18歳から舞台に立ち、その後『花子とアン』『おっさんずラブ』などのドラマや映像作品でも存在感を示す俳優・吉田鋼太郎。近年では演出家としても活躍する彼の、人生における「THE CHANGE」とはーー。【第2回/全2回】

吉田鋼太郎 撮影/イシワタフミアキ

 僕は役者として舞台に立つときもあれば、演出家として舞台の袖から見守るときもあります。演出するうえで一番大事なのは、自分が何をやりたいのかっていうことを、出演者やスタッフにちゃんと分かってもらうこと。

 ひとつの台本があって、それを読めば、「だいたいみんなが考えていることは一緒だろう」と思ったら大間違いなんです。みんな、まったく違うことを考えているんですよ。

 演出家はみんなが考えている以上のことを細かく考えないといけない。そして、その考えていることはどういうことなのかを噛み砕いて「僕にはこういうことが書いてあるように読める。
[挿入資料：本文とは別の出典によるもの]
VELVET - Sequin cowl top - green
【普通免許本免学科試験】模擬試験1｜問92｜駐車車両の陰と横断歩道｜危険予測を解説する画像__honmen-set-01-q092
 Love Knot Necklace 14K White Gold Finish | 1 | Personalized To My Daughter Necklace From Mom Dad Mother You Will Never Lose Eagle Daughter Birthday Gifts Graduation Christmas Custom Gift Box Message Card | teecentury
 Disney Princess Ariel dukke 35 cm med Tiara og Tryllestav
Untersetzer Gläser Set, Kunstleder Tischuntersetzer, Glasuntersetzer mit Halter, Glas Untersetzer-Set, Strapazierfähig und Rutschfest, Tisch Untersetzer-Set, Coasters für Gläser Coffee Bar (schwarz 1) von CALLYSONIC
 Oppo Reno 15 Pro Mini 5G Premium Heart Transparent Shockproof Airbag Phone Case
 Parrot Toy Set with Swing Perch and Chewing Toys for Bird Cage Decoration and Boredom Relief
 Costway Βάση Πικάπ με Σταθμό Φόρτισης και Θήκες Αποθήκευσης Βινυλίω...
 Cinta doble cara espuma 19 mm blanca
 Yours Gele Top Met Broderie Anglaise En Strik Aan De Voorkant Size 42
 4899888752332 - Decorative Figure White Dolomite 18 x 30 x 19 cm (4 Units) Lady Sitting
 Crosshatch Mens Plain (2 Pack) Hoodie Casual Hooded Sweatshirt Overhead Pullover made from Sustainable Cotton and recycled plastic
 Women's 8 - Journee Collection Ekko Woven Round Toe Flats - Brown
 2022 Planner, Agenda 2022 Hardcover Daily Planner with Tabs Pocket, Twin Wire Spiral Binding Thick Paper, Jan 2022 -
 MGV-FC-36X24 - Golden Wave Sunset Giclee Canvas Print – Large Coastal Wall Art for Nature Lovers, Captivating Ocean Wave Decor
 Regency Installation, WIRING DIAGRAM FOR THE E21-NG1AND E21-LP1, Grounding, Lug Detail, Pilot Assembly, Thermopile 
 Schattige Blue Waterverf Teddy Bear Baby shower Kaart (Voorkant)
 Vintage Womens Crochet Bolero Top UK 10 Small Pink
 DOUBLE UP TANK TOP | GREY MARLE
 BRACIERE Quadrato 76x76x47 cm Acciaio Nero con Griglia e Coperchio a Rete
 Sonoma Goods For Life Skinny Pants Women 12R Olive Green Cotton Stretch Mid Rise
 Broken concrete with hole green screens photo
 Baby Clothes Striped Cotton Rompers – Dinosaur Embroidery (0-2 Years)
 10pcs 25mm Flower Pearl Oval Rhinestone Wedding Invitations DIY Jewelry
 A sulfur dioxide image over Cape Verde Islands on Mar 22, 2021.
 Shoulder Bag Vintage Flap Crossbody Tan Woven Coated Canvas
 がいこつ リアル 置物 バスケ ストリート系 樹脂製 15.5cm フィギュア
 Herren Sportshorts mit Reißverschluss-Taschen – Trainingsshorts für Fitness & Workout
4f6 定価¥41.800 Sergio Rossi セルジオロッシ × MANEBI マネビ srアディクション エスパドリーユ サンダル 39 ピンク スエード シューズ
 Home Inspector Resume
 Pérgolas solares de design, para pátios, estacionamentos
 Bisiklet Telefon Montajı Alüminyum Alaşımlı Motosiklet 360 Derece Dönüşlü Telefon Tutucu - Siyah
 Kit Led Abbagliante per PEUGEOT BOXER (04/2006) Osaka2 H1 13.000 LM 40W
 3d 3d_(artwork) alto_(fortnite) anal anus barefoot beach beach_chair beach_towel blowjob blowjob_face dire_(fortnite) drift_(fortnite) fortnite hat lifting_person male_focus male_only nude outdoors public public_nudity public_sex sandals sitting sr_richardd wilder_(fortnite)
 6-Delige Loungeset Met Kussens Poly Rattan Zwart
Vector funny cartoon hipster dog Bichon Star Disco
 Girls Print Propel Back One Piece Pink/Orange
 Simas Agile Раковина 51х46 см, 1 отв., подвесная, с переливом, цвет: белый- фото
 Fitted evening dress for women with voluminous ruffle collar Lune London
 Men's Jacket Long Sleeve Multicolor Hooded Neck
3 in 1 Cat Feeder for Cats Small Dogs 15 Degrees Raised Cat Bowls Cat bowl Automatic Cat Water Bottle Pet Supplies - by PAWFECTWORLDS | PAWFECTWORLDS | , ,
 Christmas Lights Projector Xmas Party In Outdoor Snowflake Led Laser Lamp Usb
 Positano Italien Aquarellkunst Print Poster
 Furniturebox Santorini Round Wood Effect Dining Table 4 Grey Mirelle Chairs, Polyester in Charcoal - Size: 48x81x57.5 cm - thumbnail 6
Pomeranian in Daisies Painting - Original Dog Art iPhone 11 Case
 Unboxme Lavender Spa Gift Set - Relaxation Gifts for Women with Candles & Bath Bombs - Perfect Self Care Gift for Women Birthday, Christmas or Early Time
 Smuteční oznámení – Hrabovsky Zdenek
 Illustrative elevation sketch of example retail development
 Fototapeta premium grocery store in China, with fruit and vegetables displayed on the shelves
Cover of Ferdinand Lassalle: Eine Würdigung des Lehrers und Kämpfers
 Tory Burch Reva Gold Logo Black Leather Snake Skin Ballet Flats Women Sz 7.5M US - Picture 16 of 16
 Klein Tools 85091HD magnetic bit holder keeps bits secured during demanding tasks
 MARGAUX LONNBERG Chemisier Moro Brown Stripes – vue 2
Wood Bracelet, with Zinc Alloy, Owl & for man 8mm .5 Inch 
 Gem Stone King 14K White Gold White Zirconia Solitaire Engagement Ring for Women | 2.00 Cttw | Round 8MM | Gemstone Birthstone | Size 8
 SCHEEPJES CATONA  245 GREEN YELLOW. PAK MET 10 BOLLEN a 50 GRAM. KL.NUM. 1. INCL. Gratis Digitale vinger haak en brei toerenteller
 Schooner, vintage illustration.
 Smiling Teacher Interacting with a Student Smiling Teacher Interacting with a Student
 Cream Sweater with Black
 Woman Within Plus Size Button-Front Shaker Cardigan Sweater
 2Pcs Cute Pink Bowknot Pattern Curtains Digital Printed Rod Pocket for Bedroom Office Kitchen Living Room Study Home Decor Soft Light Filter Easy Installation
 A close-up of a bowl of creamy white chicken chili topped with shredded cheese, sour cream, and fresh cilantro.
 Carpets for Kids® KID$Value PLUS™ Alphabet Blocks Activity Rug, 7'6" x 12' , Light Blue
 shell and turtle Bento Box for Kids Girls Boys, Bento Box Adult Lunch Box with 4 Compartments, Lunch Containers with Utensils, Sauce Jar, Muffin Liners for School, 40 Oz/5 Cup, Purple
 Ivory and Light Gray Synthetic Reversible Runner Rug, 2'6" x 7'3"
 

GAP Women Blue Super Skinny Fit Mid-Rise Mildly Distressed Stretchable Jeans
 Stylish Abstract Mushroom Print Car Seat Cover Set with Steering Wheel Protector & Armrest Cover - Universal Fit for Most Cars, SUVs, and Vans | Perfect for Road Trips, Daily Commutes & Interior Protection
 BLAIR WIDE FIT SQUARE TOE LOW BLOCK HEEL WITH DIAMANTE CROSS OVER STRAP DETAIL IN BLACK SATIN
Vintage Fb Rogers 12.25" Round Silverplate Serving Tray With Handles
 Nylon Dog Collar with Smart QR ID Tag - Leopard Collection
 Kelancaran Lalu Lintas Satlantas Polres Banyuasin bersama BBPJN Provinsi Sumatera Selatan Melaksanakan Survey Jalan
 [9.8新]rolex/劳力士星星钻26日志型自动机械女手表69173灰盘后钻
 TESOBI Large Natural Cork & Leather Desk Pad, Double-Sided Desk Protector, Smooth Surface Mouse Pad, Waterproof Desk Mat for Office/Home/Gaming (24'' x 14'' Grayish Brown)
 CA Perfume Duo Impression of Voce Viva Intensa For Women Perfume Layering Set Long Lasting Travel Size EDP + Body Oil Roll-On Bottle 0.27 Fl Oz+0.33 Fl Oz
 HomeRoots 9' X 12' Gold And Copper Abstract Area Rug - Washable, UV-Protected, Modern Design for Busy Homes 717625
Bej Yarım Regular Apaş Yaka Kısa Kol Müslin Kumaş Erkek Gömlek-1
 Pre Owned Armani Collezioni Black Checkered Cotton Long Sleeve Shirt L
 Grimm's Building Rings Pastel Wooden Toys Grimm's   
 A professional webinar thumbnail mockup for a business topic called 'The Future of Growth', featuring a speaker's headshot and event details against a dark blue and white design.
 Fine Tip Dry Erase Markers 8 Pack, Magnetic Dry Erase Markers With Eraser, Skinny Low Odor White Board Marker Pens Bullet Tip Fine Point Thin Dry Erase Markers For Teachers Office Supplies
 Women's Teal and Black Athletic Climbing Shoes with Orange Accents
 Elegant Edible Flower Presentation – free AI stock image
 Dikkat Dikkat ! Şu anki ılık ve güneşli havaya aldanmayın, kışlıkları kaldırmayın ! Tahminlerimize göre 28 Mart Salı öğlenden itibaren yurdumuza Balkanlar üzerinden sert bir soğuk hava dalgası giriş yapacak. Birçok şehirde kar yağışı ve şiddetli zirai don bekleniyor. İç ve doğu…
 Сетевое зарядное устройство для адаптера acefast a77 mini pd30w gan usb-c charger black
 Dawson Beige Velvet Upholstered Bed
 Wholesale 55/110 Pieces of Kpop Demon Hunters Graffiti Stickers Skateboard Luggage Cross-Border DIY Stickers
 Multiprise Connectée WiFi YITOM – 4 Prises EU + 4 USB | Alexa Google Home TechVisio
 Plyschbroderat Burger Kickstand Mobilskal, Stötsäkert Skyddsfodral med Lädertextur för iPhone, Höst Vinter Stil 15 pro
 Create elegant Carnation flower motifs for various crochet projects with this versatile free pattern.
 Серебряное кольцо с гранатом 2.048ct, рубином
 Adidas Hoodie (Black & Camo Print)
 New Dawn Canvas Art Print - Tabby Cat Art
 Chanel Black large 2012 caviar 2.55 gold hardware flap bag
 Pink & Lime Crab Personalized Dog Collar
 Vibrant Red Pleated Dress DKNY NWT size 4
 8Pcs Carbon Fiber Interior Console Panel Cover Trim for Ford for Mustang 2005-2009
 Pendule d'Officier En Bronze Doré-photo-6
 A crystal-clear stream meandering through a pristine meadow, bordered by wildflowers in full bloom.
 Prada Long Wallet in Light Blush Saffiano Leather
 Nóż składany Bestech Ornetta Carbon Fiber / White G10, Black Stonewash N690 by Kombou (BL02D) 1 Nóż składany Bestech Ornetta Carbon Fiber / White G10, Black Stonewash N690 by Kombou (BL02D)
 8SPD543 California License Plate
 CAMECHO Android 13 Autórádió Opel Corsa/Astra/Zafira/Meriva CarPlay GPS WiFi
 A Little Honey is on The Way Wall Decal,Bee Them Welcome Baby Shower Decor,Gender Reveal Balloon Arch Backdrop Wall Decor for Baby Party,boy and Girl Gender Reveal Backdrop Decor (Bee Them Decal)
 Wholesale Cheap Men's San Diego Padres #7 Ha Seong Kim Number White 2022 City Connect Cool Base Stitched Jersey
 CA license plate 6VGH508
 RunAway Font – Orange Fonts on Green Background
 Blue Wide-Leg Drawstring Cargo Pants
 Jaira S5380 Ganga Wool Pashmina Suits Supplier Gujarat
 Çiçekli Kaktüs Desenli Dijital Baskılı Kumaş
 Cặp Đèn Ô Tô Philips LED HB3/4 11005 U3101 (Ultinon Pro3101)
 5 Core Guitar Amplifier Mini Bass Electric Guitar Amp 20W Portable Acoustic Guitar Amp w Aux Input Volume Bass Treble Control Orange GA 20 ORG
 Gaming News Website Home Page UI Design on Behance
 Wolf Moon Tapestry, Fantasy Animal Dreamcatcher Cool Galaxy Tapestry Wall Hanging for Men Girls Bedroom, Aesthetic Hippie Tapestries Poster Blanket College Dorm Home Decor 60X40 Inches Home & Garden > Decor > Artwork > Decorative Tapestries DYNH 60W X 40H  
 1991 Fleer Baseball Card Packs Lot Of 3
そういったことも踏まえて演じてほしい」と、細かく丁寧に伝えています。

 その人が演じる人物が、髪型はこうで、どういう服が好きで、どういう人生を送ってきたか……そこまでは必要ないだろうっていうところまで細かく丁寧に説明しないと、絶対に分かってもらえないんですよね。で、分かってもらえないままやると、現場が大混乱に陥ったりするわけですよ。このことは演出家としてはとても心掛けています。

 ただ、それを伝える時間が長いと他の稽古をする時間がなくなっちゃうので、いかに簡潔に伝えるかということで言葉の表現力が必要になってくるんですね。その表現力には多くの引き出しを持っていなきゃいけないと、常に思っています。